— What you should do —
Return a copy of every line in the records that includes the word "Used".

— Record extracts —
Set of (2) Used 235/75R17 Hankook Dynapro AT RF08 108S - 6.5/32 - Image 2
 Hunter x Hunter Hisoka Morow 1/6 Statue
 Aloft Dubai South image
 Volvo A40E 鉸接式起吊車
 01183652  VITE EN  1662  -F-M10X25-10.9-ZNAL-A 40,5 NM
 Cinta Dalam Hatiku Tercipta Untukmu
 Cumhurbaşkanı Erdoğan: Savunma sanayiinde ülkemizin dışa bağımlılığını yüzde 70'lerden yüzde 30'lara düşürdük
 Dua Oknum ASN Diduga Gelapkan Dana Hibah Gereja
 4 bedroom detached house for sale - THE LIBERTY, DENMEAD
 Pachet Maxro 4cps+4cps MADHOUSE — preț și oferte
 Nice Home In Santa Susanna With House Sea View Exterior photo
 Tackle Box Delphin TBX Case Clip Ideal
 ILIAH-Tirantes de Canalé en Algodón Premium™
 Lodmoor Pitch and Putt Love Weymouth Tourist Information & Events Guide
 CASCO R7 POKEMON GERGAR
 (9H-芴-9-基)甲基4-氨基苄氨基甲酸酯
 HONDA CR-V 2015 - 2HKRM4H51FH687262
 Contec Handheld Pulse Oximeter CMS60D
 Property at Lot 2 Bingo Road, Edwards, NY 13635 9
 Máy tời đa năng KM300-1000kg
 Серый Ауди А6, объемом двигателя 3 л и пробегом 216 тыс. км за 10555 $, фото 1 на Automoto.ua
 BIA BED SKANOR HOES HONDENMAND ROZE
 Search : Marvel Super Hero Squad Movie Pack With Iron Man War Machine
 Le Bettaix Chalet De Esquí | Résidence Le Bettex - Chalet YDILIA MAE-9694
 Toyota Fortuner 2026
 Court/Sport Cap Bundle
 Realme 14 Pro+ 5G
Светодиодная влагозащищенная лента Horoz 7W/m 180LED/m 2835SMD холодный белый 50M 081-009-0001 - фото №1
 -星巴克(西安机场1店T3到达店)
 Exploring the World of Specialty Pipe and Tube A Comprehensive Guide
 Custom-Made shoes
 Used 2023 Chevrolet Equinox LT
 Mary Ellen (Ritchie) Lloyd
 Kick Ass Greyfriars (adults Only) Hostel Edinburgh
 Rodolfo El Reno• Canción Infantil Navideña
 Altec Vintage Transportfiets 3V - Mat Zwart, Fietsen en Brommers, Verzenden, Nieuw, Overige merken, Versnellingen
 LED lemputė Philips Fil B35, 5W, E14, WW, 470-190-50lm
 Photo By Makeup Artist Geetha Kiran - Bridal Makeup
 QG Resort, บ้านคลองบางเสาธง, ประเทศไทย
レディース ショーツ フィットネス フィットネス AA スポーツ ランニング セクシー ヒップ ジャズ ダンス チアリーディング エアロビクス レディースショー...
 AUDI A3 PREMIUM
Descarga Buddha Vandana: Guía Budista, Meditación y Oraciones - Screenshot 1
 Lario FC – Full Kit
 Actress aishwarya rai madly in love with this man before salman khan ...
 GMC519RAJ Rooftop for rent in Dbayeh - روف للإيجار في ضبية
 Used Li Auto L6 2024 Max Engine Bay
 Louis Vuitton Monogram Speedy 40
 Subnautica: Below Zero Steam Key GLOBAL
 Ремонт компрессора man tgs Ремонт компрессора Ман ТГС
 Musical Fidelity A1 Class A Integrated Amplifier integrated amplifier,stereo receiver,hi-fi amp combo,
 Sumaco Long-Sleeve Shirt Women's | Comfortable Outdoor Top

— Response area —
Set of (2) Used 235/75R17 Hankook Dynapro AT RF08 108S - 6.5/32 - Image 2
 Used 2023 Chevrolet Equinox LT
 Used Li Auto L6 2024 Max Engine Bay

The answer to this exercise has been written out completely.